Calcolo rapido del numero di correttori pastosi anti brufoletti comprati/accatastati nel corso della vita: uno ogni quattro mesi, in media (ma quello verdi che eliminava i rossori, mai imparato ad usarlo). Fondotinta ad alta coprenza acquistati in abbondanza, stesi con le dita, con la beauty blender, col pennello, nel tentativo di dare quel finish Photoshop impossibile da riprodurre, e infine abbandonati perché con la propria pelle, ad un certo punto, tocca farci pace davvero. Truccarsi per il piacere di farlo, non per nascondere necessariamente qualcosa: skin positivity l'hanno definita gli americani, che per ogni corrente o tendenza social hanno l'innata capacità di trovare il nome giusto. Le beauty influencer dello skincare pelle hanno mutuato il termine dal più storic(izzat)o movimento della body positivity, già oggi ampiamente messo in discussione dalla body neutrality, ma hanno centrato il punto: la propria pelle, esteticamente parlando, è l'astuccio protettivo di un corpo che non è mai quello del giorno prima. Mutevolezza garantita che la pelle segue a ruota, ogni variazione viene esternata dalla sua capacità di reazione.
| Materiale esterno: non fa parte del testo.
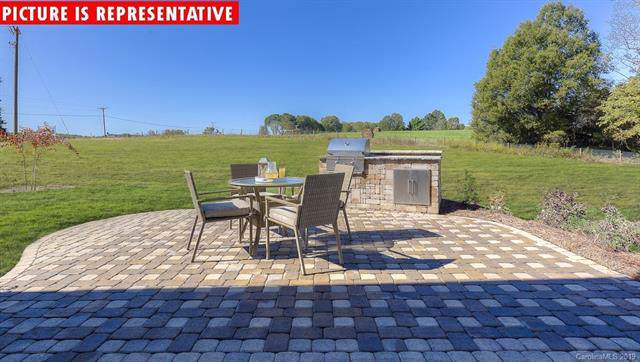 126 Northstone Road - Photo 1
Piccoli, normalissimi difetti temporanei o cronici, possono arrivare a diventare giganteschi problemi con cui convivere serenamente. Le skin positive influencer fanno esattamente questo: si mostrano in purezza, non nascondendo i risvolti psicologici di come stanno in una pelle lontana dai canoni platonici della perfezione. Lo fa Lou Northcote, pioniera fondatrice del movimento Free The Pimple (Libera il brufoletto), attivista e modella, che dopo aver subito la classica acne giovanile si è trovata ad avere un ritorno di infiammazione durante la partecipazione a Britain's Next Top Model, e ha iniziato a chiedere scusa per lo stato della sua pelle fino a comprendere che non era necessario che lo facesse. Non importava. Da lì è nata l'idea di Free the Pimple, che è diventato anche un profilo Instagram di raccordo e racconto collettivo di vita con l'acne. Uno dei suoi hashtag preferiti? #acnebutmakeitfashion. E perché no.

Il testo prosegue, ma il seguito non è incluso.